The bigger problems lie in what Synthetic Data apparently solves.

First, it purports to create lifelike answers to research questions without actually needing to find and survey real people. It sounds good, but as noted above, one of the data types that’s used in Synthetic Data is custom research – i.e. actual answers from actual people. It boils down to this idea of remixing: genAI is very good at outputting something that looks like data it has ingested (e.g. people’s answers to specific questions), but less able to extrapolate one data type from another data type. So for Synthetic Data to produce survey responses, you generally need to input survey data – and you’d usually want that to be as recent and as robust as possible. Which seems… less useful.

Another lauded benefit of Synthetic Data is that it addresses the difficulties of understanding hard-to-reach populations and minority groups; the idea being that even if we can only solicit opinions from 10 people of a particular audience, we can increase that sample size – and the robustness of our data – by ‘creating’ relevant respondents and their responses.

It’s a beguiling proposition: at a stroke we can ensure that research properly represents the views of traditionally under-represented and overlooked groups.

But it too ignores the nature of remixing rather than creating data: if our new ‘virtual respondents’ are based on the opinions, attitudes and behaviours of only 10 actual people known to be in our target audience, then regardless of how much data we ‘create’, its core is still a sample size of 10, with all the data quality and skew issues that entails.

Probably the biggest challenge facing Synthetic Data is that none of this is really anything new. A good research team working on any research project will already start with robust desk research, bringing together industry context, proprietary research, customer data and sometimes social media highlights in order to understand what makes audiences tick – just like Synthetic Data platforms promise to do.

So, if we strip away the buzz and marketing bumf, where does that leave Synthetic Data?

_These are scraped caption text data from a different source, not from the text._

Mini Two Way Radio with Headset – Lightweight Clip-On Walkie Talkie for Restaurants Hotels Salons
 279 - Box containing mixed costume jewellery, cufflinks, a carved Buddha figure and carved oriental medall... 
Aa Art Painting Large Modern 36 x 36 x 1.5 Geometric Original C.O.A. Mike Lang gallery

At its core it supercharges the process of desk research and collating contextual insights, processing vastly more data, and seeing links and themes much more rapidly and efficiently than people can; so it has the potential to become an invaluable supplementary tool for researchers, like qualitative chatbots and LLM-based coding tools.

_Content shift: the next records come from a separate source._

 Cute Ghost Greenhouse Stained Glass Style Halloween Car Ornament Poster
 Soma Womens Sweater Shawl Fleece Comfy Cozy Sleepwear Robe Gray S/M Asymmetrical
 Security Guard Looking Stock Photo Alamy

But it’s not going to change the essential shape of market research; it obviously doesn’t replace response-based research such as surveys and focus groups, and any researcher worth their salt will still need to ask real flesh and blood people for their opinions. And it probably needs a rebrand: Synthetic Data sounds amazing, but really, it’s best thought of as Enhanced Contextual Data, or something equally accurate but uninspiring.

For me, the final word on this is a quote from Sean McDonald of Rethink:

Is AI the future? AI is part of the future. But so is the next thing. And so are the three other things that are still happening from the past. I’m a little bit bored of it, to be honest. Because I think people get more excited by the shiny objects than they do about doing the hard work and just challenging themselves to be excellent with any tools that they have. And I think our industry should really double down on enabling people to do great work, leveraging whatever tools they have in place. And if AI is one of those tools, fantastic. But I think we get more excited about these tools than we do about the conditions and the people that really lead to great work. And so I lament that a little bit. I think people are always going to be the future. And I think there’s going to be a litany of tools to help them.